At its core, this ai enhance feature is just a long prompt to the agent instructing it to analyze the data - you can check out the repo to see the prompt: github.com/bruin-data/bruin
This function will generate table and column level descriptions, tags, quality checks, and table metadata.
bruin ai enhance my-analytics
# assets/analytics/orders.asset.yml (after enhancement)
name: analytics.orders
type: bq.source
description: "Customer orders with purchase details and fulfillment status. One row per order. Granularity: order-level."
tags:
- ecommerce
- transactions
columns:
- name: order_id
type: INTEGER
description: "Unique identifier for each order"
checks:
- name: not_null
- name: unique
- name: customer_id
type: INTEGER
description: "Foreign key to analytics.customers"
checks:
- name: not_null
- name: status
type: VARCHAR
description: "Current fulfillment status of the order"
checks:
- name: accepted_values
value: ["pending", "shipped", "delivered", "refunded"]
- name: total_amount
type: FLOAT
description: "Net order total in USD after discounts, before tax"
checks:
- name: not_null
- name: positive
- name: created_at
type: TIMESTAMP
description: "Timestamp when the order was placed (UTC)"
checks:
- name: not_null
What surprised me most was how much the metadata mattered. The first version of the agent answered poorly because it had no context. After running bruin ai enhance, the descriptions, column tags, and quality checks made the agent far more reliable. I spent more time cleaning metadata than tweaking prompts, and it paid off.
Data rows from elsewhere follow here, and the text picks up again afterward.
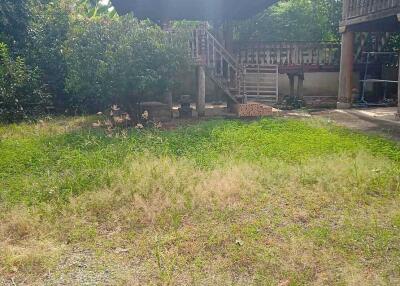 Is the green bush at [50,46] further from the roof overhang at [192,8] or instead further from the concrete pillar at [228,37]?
the concrete pillar at [228,37]

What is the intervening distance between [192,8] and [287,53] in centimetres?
408

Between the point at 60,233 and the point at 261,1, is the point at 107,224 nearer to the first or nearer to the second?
the point at 60,233

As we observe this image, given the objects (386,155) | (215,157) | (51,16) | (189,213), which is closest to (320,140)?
(386,155)

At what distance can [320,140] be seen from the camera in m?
8.13

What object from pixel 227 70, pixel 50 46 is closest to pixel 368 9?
pixel 227 70

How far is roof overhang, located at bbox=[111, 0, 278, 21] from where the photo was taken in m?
13.8

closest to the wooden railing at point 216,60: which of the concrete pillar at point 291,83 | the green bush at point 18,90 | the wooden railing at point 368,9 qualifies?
the wooden railing at point 368,9

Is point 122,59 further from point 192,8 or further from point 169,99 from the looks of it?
point 192,8

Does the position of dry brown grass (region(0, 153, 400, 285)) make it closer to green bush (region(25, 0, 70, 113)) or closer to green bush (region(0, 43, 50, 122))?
green bush (region(0, 43, 50, 122))

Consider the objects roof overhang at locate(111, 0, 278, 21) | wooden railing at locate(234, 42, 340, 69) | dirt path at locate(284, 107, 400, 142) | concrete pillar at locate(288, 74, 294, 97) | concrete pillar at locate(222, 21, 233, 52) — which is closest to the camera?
dirt path at locate(284, 107, 400, 142)

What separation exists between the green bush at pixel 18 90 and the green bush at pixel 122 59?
226 centimetres

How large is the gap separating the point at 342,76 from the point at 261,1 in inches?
150

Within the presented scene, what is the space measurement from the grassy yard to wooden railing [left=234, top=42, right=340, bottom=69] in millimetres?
8049

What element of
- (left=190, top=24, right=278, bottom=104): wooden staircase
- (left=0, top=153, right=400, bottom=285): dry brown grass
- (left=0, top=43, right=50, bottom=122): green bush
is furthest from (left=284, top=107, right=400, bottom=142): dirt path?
(left=0, top=43, right=50, bottom=122): green bush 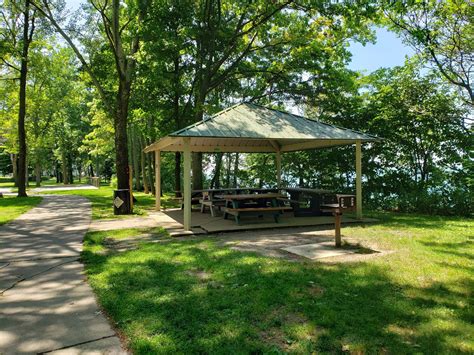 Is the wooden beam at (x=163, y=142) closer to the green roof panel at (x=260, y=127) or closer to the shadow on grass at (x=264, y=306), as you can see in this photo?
the green roof panel at (x=260, y=127)

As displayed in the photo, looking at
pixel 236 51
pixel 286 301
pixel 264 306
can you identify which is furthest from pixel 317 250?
pixel 236 51

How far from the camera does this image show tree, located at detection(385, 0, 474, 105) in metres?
13.0

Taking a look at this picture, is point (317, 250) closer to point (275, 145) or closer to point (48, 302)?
point (48, 302)

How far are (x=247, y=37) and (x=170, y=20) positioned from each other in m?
4.36

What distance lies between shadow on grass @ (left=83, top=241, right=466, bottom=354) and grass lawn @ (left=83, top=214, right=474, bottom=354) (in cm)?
1

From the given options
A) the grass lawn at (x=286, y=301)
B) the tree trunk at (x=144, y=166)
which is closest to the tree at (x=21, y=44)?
the tree trunk at (x=144, y=166)

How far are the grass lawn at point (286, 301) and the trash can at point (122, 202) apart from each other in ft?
19.3

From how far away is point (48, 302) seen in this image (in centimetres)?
409

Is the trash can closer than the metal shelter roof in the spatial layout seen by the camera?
No

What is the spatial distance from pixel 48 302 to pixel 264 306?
99.8 inches

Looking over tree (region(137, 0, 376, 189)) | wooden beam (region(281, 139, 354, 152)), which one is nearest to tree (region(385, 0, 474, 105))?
tree (region(137, 0, 376, 189))

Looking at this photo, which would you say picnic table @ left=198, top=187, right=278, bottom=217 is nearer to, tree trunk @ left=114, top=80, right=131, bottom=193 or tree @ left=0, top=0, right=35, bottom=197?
tree trunk @ left=114, top=80, right=131, bottom=193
Bruin also has a feature called Glossary and right now we're working on integrating that into this as well, with also built-in integrations into your knowledge base (Confluence, Notion, etc.) so that it can create a glossary/dictionary of all your key metrics, terminology, definitions, etc.
Here's what the glossary looks like:
# glossary.yml
domains:
finance:
description: Revenue, costs, and margin analysis
owners:
- "Finance Team"
contact:
- type: "slack"
address: "#finance-data"
entities:
Revenue:
description: Net revenue after refunds and discounts, in USD.
domains:
- finance
attributes:
Monthly:
type: decimal
description: "Sum of total_amount for delivered orders in a calendar month"
Gross:
type: decimal
description: "Sum of total_amount before refunds"
Customer:
description: An individual or business that has completed at least one purchase.
domains:
- finance
attributes:
ID:
type: integer
description: The unique identifier of the customer in our systems.
LTV:
type: decimal
description: "Lifetime value: total revenue attributed to this customer"
Inside an asset you can extend the glossary definitions and attributes like this:
It is always best practice to set up general instructions, rules, restrictions, and context that the agent can follow - the best way to do this is by creating an AGENTS.md file.
In this file, you will give the agent general instructions on which tools to use and how to use them, but also include some general business context - although, it is best to keep business context inside the pipeline itself, either in the glossary, asset, or pipeline readme file.
# AGENTS.md
## Data access
- Utilize Bruin MCP and Bruin CLI to connect to the warehouse and query the data.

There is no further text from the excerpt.